Only time will tell
Why is there a short wait if you press a button on your headphone remote or your AirPods to pause the music? Because the interface has to let a bit of time pass to figure out if you’re going to press the button again, making it a double press (advance to next track) instead of a single press.
This kind of disambiguation delay is everywhere for simple gestures.
Why is there a short wait if you press a button twice in that situation? The double press processing also has to be delayed, because there is a chance it might become a triple press (go to previous track).

Why is there a short wait if you press a button to go to the next track on your car’s steering wheel? It’s a delay of a different kind, but the same principle: the function cannot kick in on press down, because press down and hold mean “fast forward.” So, software has to wait for button up event to go to the next track (which feels a bit slower than button down), or for enough time to pass so we’re certain it’s a button-down hold rather than a slow press. Here, both interactions experience a penalty for coexisting.
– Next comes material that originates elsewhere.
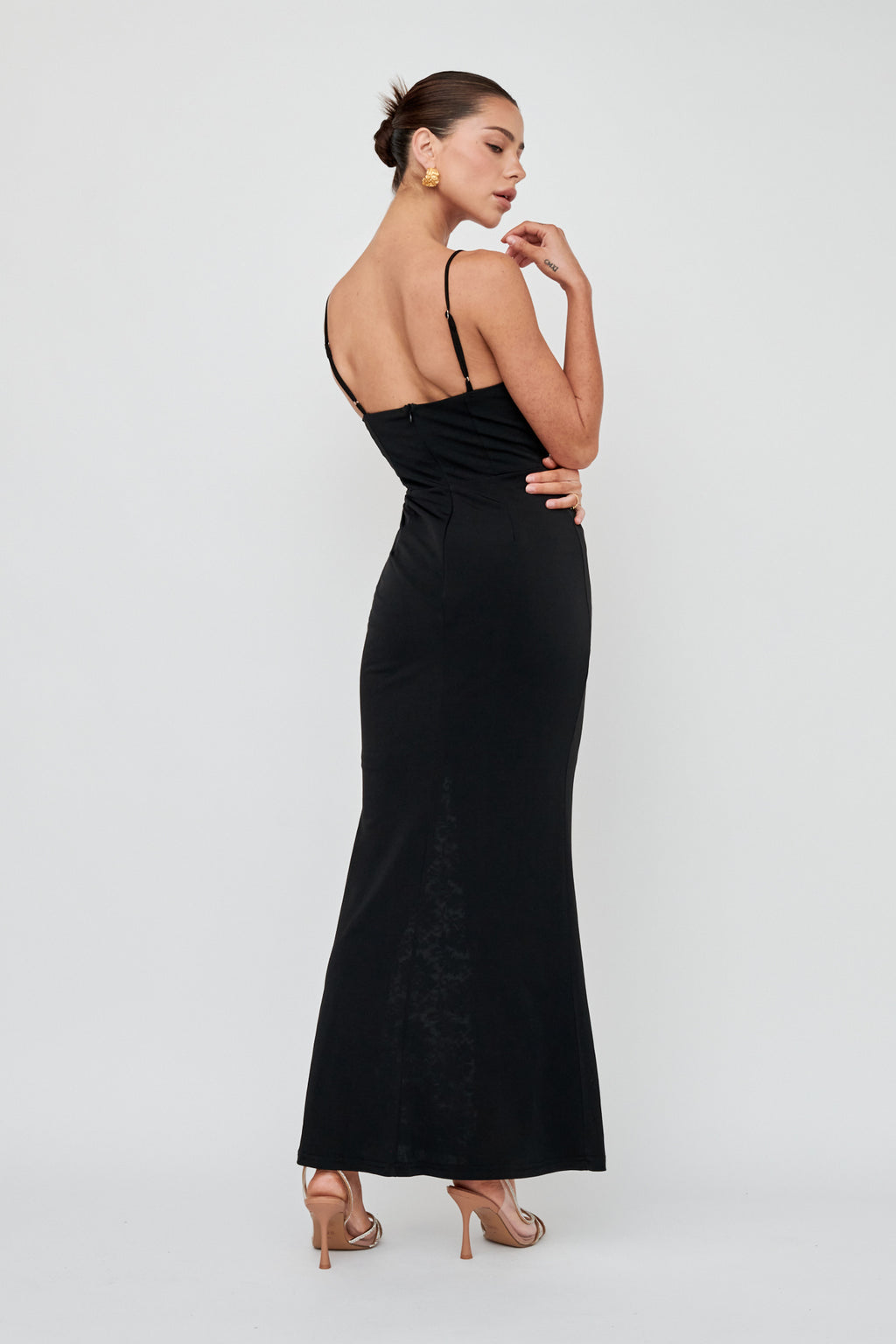 Well Versed Lace Split Maxi Dress Black by Selfie Leslie Australia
The most infamous of those disambiguation delays exists in mobile browsers. Since every double tap can zoom into the page ever since that famous 2007 iPhone presentation, every single tap on a link or elsewhere has to be delayed by about 300ms. This has been a source of contention since it does make the web feel a bit slower, and today browsers suspend double tapping on sites designed for mobile, trading zooming affordances for higher interaction speed – after all, you can still zoom in by pinching. But if you always wondered why older websites tend to be a bit sluggish to interact with, now you know.
Different tradeoffs are possible. In the Finder, clicking on icons isn’t slowed down even though double clicking exists, because selecting an icon is compatible with opening it! So in effect it’s not a choice between a faster A and a slower B – it’s A or A+B.
Even in the iPhone presentation above, you can see the interface highlights the link on double tap, to at least make it feel snappier, at the expense of the highlight being “wrong” and potentially distracting – or even confusing – when you end up double tapping. (You can imagine smartphones pausing on the first remote/headset button press, too. It feels like it would be compatible with advancing to the next track, but I think it might also feel too “choppy,” too chaotic, in practice.)
Lastly, why is there a short wait if you press a button on your hotel TV to increase the volume? Oh, I think that one is just sluggish for no good reason.